[DATASET EXCERPT]
=-=-=-=-=

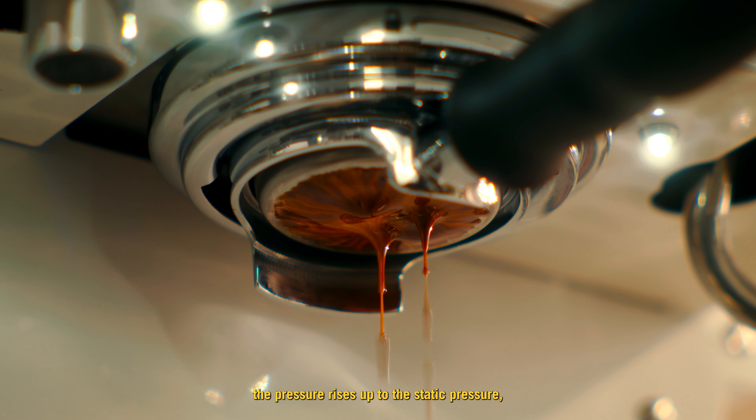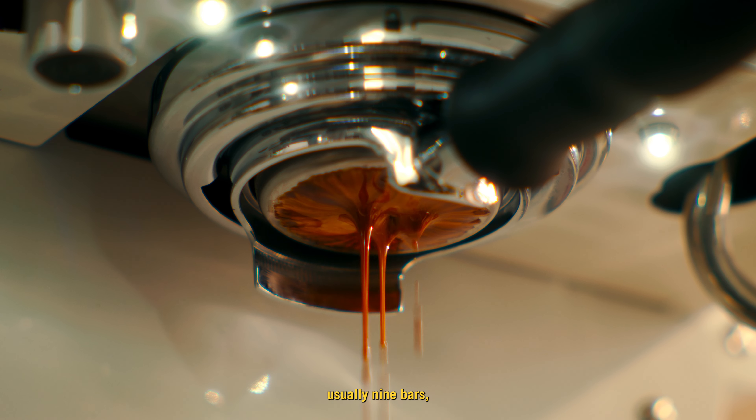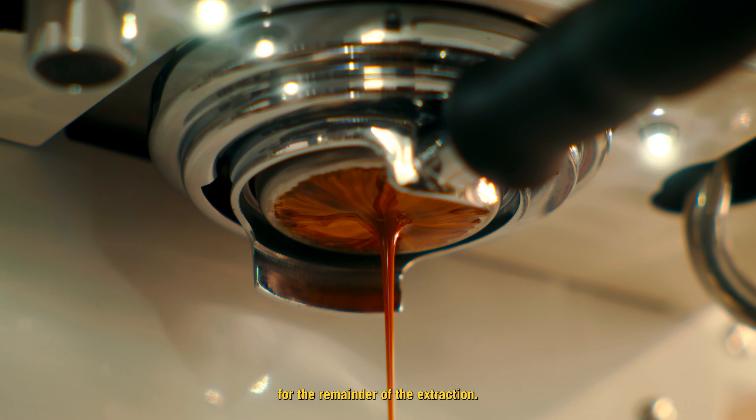The goal of this continuous flow of water is to allow the lower bars to gently push hot water through the espresso puck until it swells and becomes fully saturated. At this point, the pressure rises up to the static pressure, usually nine bars, for the remainder of the extraction.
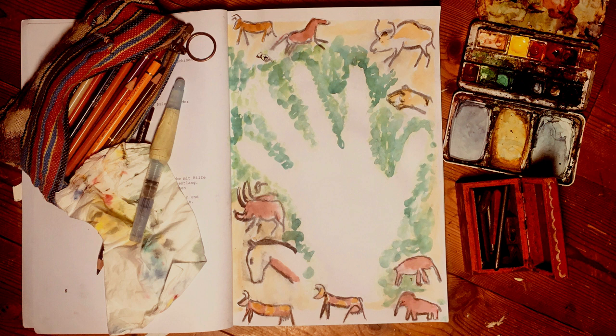Schau dir Abbildungen von Höhlenmalerei an. Zeichne ein paar davon rund um deinen Handabdruck.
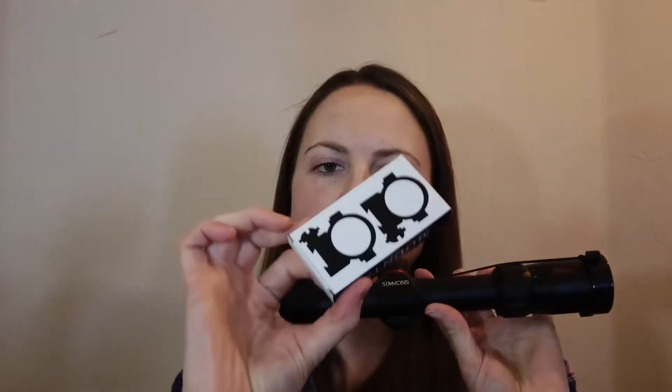Hello, today I'm going to be reviewing the Simmons Brands optics — this is the 22 Mag, a 3-9 by 32 millimeter rifle scope. It also comes with your scope mounting rings, which is really nice. It does also come with these scope cap covers — we'll go ahead and take these off. Nice, good sturdy construction.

=-=-=-=-=

[PROMPT]
Which lines fall between the one containing "Schau dir Abbildungen" and the last line of the listing, both included? Give them again exactly, without the pictures.

[TASK RESULT]
Schau dir Abbildungen von Höhlenmalerei an. Zeichne ein paar davon rund um deinen Handabdruck.
Hello, today I'm going to be reviewing the Simmons Brands optics — this is the 22 Mag, a 3-9 by 32 millimeter rifle scope. It also comes with your scope mounting rings, which is really nice. It does also come with these scope cap covers — we'll go ahead and take these off. Nice, good sturdy construction.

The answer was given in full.